Bis zum geplanten Inkrafttreten der Reform am 1.1.2016 könne noch viel passieren. Es sei fraglich, ob die Steuerreform überhaupt die Budgetverhandlungen im Herbst überlebe, warnte Strache. Die kalte Progression sorge zudem dafür, dass das Mehr im Börserl sich schon in zwei Jahren wieder in Luft aufgelöst habe. Die Regierung habe diesen räuberischen Automatismus, der ihr Jahr für Jahr hunderte Millionen bringe, ganz bewusst nicht angetastet. Außerdem gebe es ein ungustiöses Bouquet an Steuererhöhungen, die die Österreicherinnen und Österreicher als Konsumenten träfen: höhere Besteuerung für Tierfutter, Kinokarten, Museen- und Theaterbesuche, Taxi, Blumen, Hotelpreise etc. In Wahrheit komme es nur zu einer Umverteilung von bestehenden Steuern - verbunden mit Steuererhöhungen. Die Abgabenquote werde durch diese Reform nicht sinken.

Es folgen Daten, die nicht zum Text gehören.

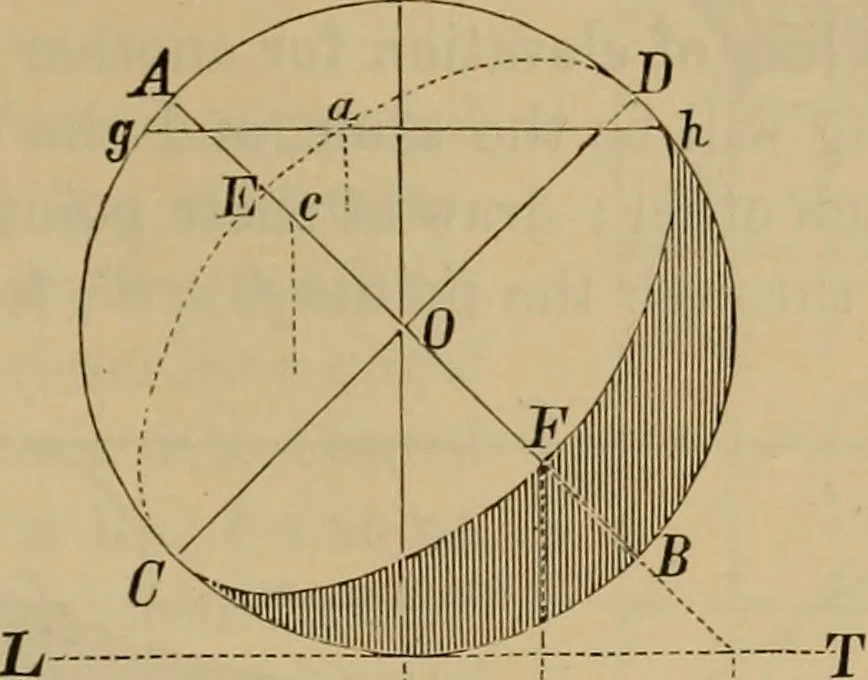 An illustration from Appletons' cyclopædia of technical drawing, 1896, leaf 172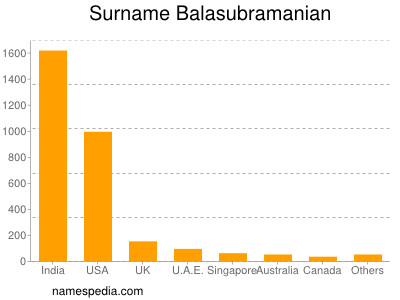 Surname Balasubramanian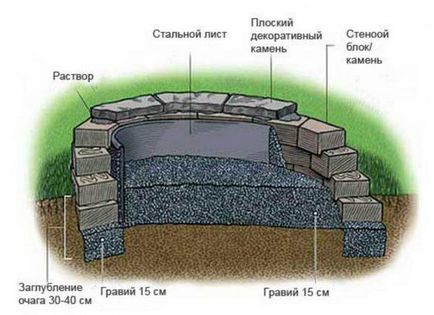 Як своїми руками побудувати піч барбекю для альтанки з мангалом або казаном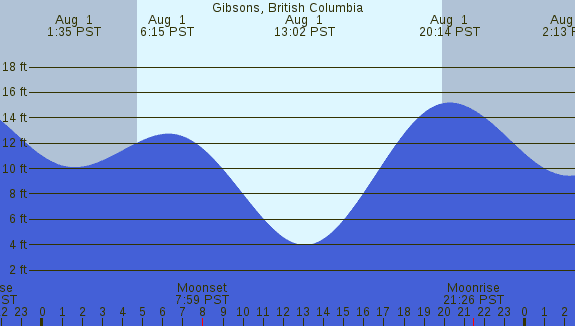 PNG Tide Plot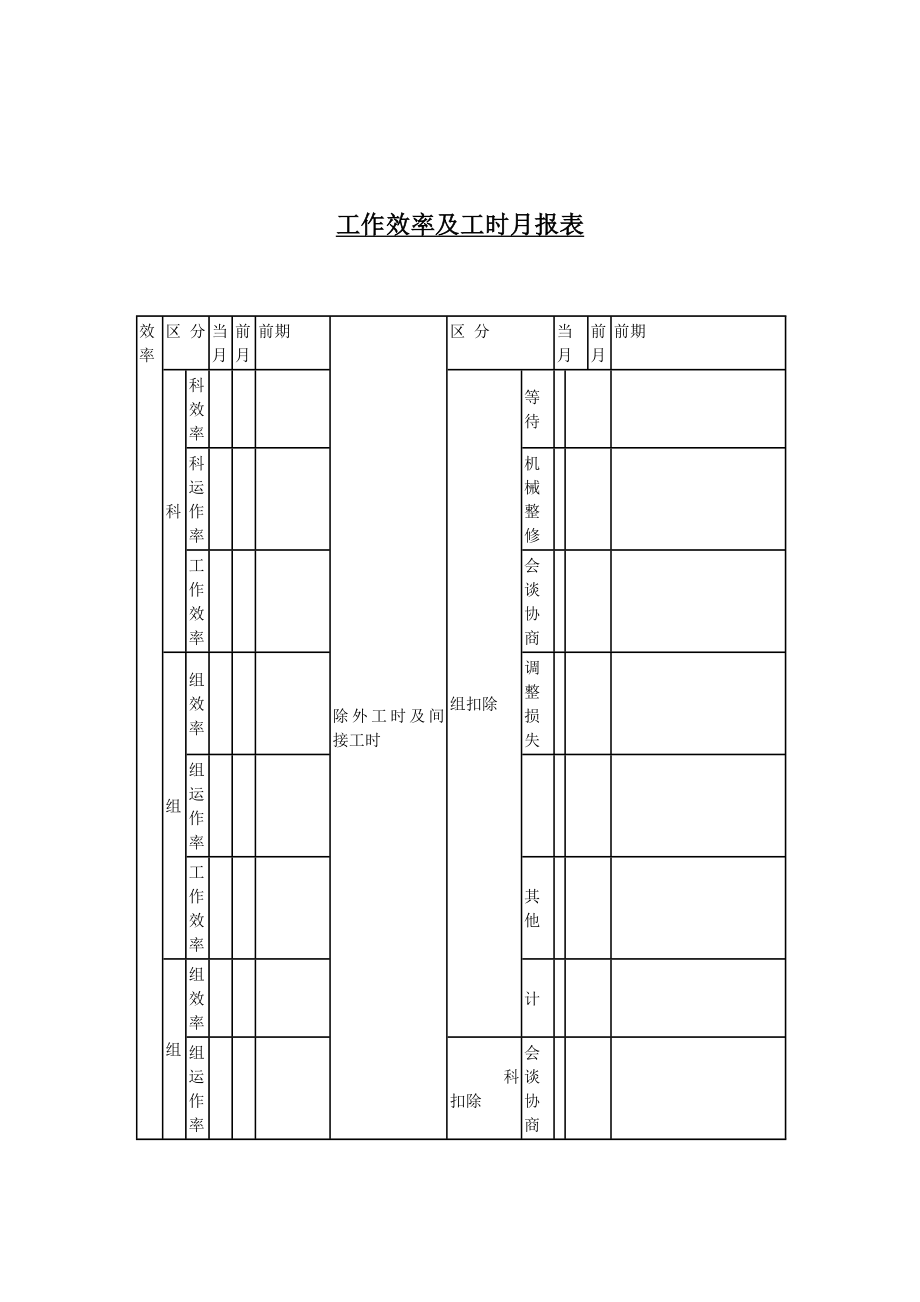 工作效率和工時(shí)月報(bào)表_第1頁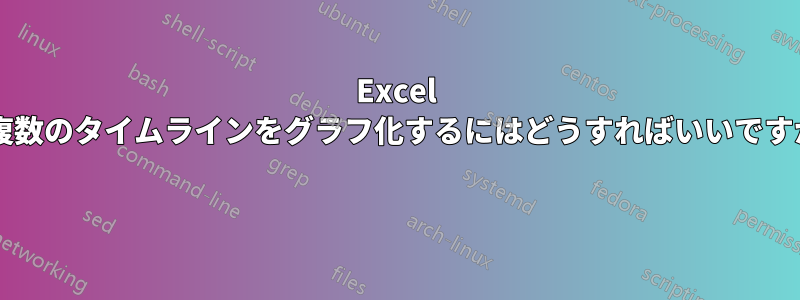 Excel で複数のタイムラインをグラフ化するにはどうすればいいですか? 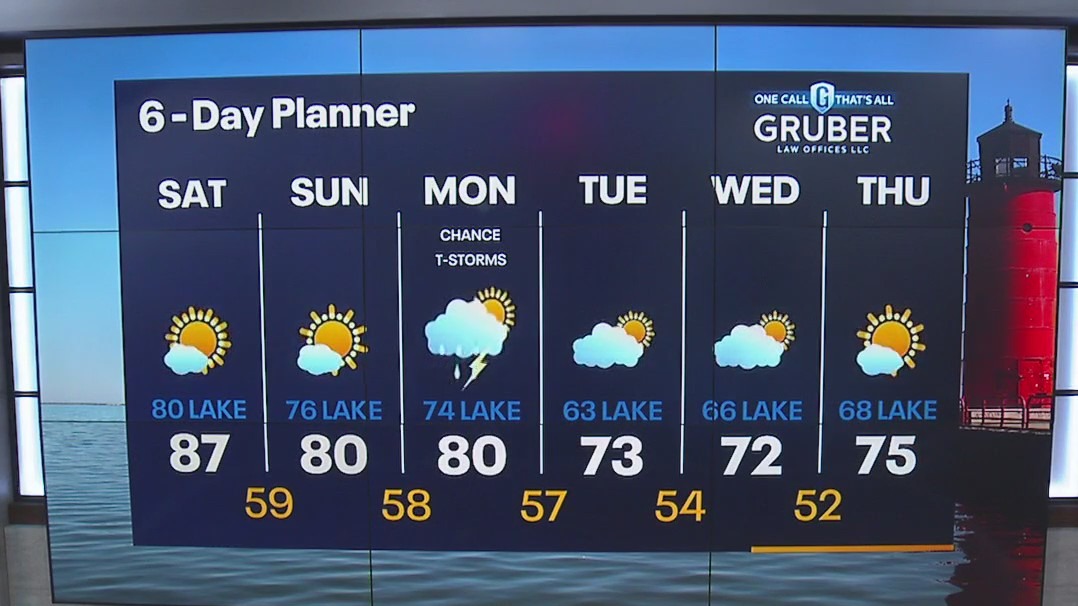 Weather Webcast with Meteorologist Lisa Michaels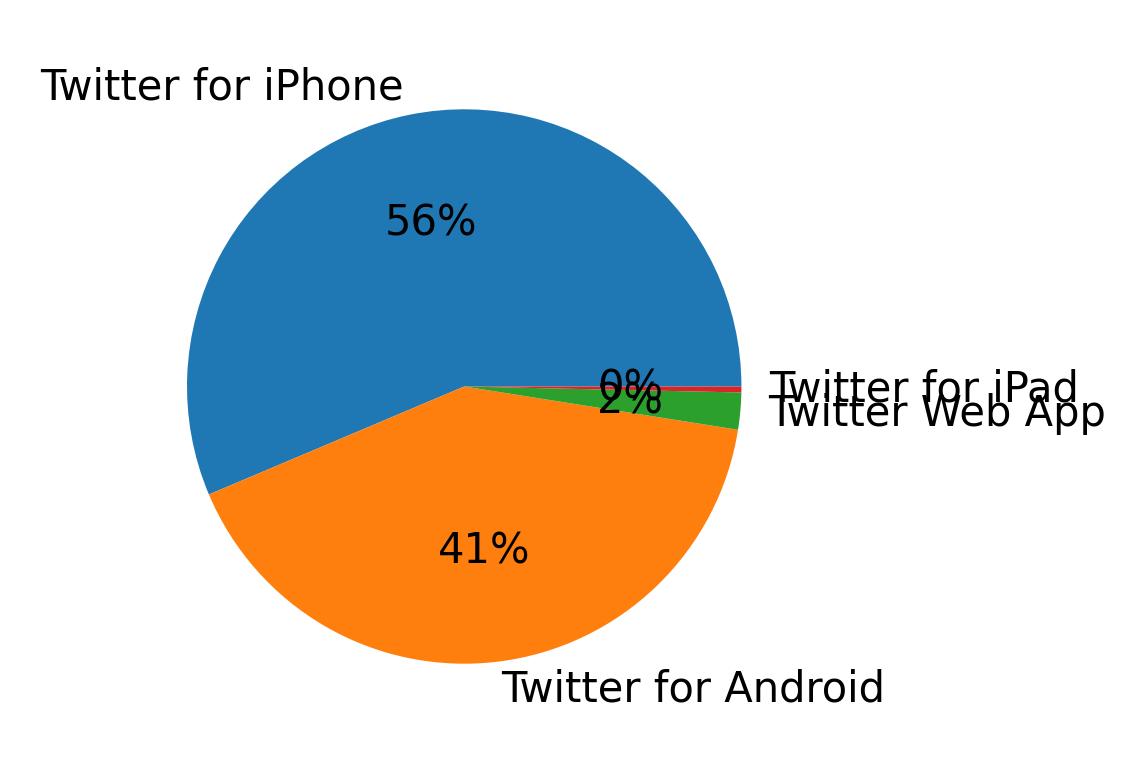 Dispositivos utilizados para tweetar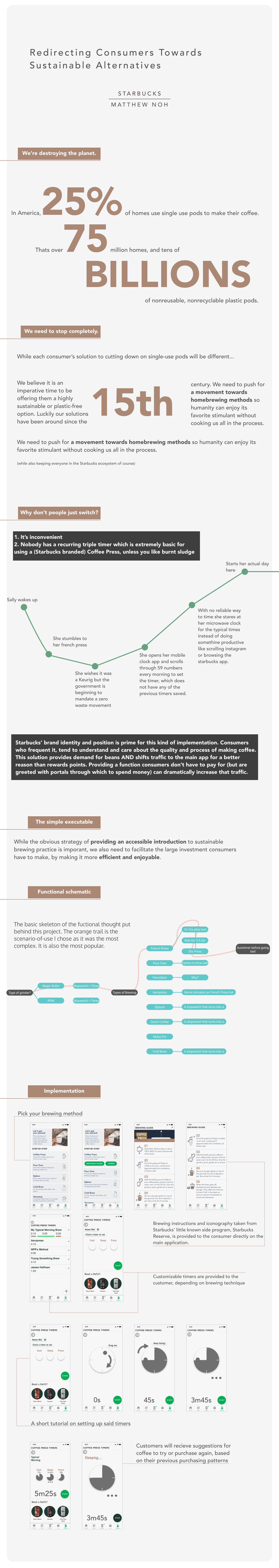 Starbucks — Overview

Als interessant bezeichnete Strache in diesem Zusammenhang auch eine Aussage von Vizekanzler Mitterlehner bei der Präsentation am Freitag. Dieser habe wörtlich gemeint: "Wobei man auf der anderen Seite schon sieht, dass da auch Entlastungen im Bereich der Lohn- und Einkommensteuer durchaus auch den Unternehmen nutzen, wenn es etwa um die nächsten Tarifverhandlungen geht." Mitterlehner meine also, dass die nächsten Lohnverhandlungen dazu genutzt werden sollten, den Arbeitnehmern das Bisschen, das den Leuten durch die Steuerreform in der Tasche bleiben könnte, durch Lohnabschlüsse unterhalb der Inflation wieder wegzunehmen, kritisierte Strache. Der Wirtschaftskammer-Apparatschik Mitterlehner zeige hier sein wahres Gesicht. "Arbeitgeber" und "Arbeitnehmer" seien in Wahrheit zwei Seiten derselben Medaille. Sie würden von Rot und Schwarz systematisch im Sinne von "Teile und Herrsche" gegeneinander aufgehetzt, um das großkoalitionäre System Österreichs am Leben zu halten.

"Auch die Familien zählen wieder zu den großen Verlierern", kritisierte Strache, "weil diese Steuerreform keine Maßnahmen trifft, um die verhängnisvolle Verbindung von mehreren Kindern und Leben in Armut aufzubrechen, die in unserer Gesellschaft immer problematischer wird."